Reporting AS as the only competitive dimensionAS and VS together produce richer competitive positioning. AS alone misses the prediction-vs-outcome distinction.
Treating the benchmark as staticRefresh quarterly or when significant changes occur.
Letting the brand stakeholder dictate which competitors to compare against based on aspirational positioningThe benchmark must reflect actual competitive reality, not aspirational positioning. Aspirational comparisons produce misleading findings.

Datapoints affected

O-1 does not directly lift datapoints in the AS measurement of the brand. It is analytical work; it produces context. However, the work indirectly informs:

Affected viaVia which mechanism
Action selection across all subsequent OMG workThe benchmark informs which datapoints to prioritize, which determines which actions to select
Engagement scope refinementFindings about competitive intensity may inform language scope, Focus refinement, or engagement intensity
Reporting and stakeholder managementThe benchmark provides the comparative context that turns absolute measurements into actionable findings

Multilingual considerations

Per-language competitive sets are independent.

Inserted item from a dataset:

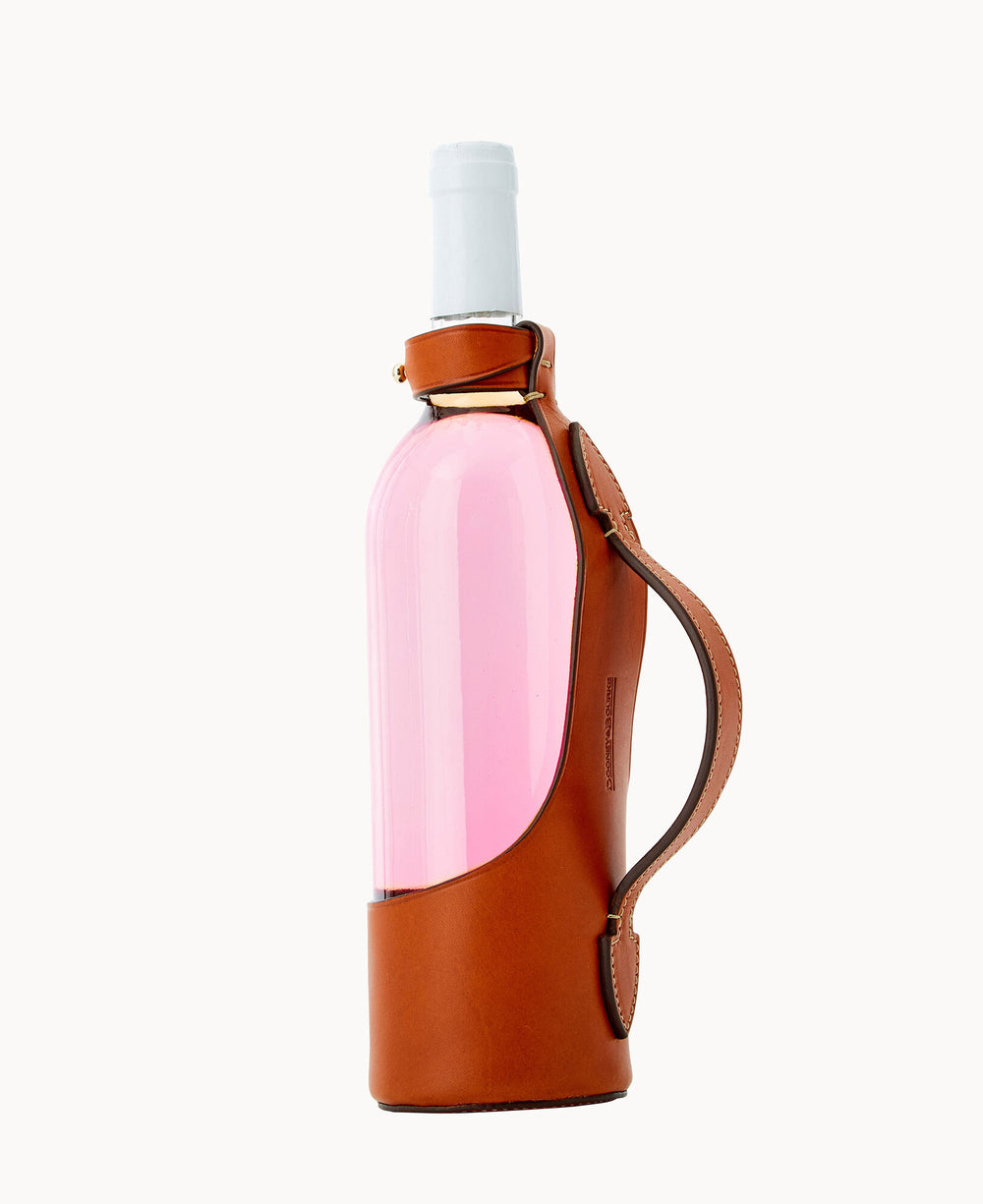 A bottle with pink liquid is partially wrapped in a stylish brown leather holder with a handle, against a plain white background.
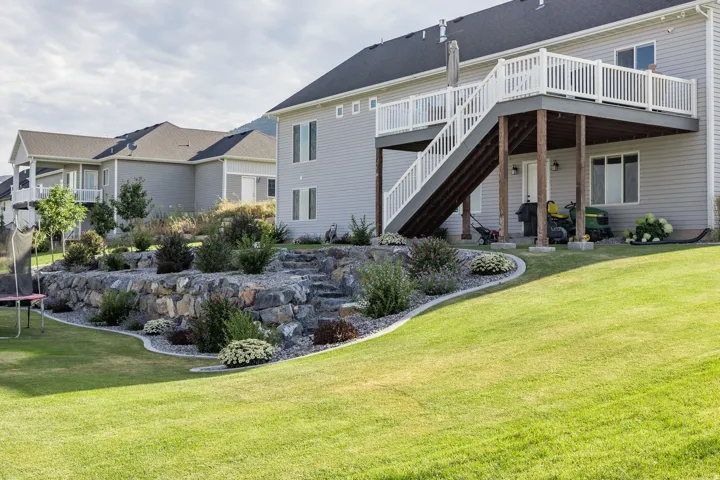 Multi-level landscaping featuring natural stone retaining walls and mature plantings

A brand operating in five languages may have five distinct competitive sets that overlap partially or not at all.

  • The brand’s Japanese competitors may include Japanese-domestic brands the global competitive set does not include
  • The Indonesian competitive set may be smaller (less category saturation) than the English set
  • Per-language Focus may differ slightly, producing different competitive sets per language

Multilingual O-1 is essentially conducting O-1 separately per language. The work expands proportionally to language scope. Brands engaging in five languages should expect O-1 to be approximately 3-4x the effort of a single-language engagement (less than 5x because some patterns transfer).

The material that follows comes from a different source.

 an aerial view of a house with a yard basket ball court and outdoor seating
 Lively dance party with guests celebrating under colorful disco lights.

The team’s working principle: per-language O-1 produces per-language benchmarks that inform per-language action selection. Aggregating across languages obscures language-specific competitive patterns and leads to misdirected work.

What comes after

O-1 typically leads to:

Next actionWhy it follows
O-2 (Unified Analytics & KPI Framework)The benchmark establishes what to measure ongoing; O-2 establishes how to measure it.
The first action selection conversation with the brand stakeholderThe benchmark contextualizes the AS finding for the stakeholder, enabling informed action prioritization
Engagement scope refinementFindings may indicate that scope should be expanded (additional languages, additional domains) or refined (specific sub-categories within the brand’s broader Focus)
Re-running O-1 at quarterly reviewCompetitive context drifts; re-running keeps the benchmark current

In maturity-stage terms, O-1 work is foundational and recurring rather than one-time. It does not graduate the brand from foundations stage; it informs the work that does.